When you reach the line containing "Peter Bol clinches" in the entries below, begin reproducing lines exactly, and stop once the line containing "Hands in white" is done.

───── RECORDS PROVIDED ─────

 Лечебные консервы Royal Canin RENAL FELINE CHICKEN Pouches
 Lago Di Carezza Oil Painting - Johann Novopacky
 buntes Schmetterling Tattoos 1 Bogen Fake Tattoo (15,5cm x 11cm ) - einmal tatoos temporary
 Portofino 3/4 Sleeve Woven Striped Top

─────
───── RECORDS PROVIDED ─────

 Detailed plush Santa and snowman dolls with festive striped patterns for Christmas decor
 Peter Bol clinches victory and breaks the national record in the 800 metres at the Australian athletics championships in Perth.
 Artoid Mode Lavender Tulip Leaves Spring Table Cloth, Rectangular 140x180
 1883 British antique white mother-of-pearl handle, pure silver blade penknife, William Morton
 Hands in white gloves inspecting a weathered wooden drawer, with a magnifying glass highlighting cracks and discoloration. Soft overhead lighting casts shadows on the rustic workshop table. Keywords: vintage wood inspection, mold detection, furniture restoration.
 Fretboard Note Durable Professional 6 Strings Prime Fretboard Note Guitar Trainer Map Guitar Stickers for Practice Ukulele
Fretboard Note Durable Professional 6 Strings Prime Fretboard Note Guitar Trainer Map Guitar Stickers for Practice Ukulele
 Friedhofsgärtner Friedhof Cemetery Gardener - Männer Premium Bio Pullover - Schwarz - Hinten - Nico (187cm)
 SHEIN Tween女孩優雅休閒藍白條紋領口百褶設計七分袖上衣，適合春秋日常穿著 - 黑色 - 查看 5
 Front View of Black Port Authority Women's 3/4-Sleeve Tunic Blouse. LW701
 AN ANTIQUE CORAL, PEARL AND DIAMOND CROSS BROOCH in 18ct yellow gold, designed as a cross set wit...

─────

## EXERCISE ANSWER
 Peter Bol clinches victory and breaks the national record in the 800 metres at the Australian athletics championships in Perth.
 Artoid Mode Lavender Tulip Leaves Spring Table Cloth, Rectangular 140x180
 1883 British antique white mother-of-pearl handle, pure silver blade penknife, William Morton
 Hands in white gloves inspecting a weathered wooden drawer, with a magnifying glass highlighting cracks and discoloration. Soft overhead lighting casts shadows on the rustic workshop table. Keywords: vintage wood inspection, mold detection, furniture restoration.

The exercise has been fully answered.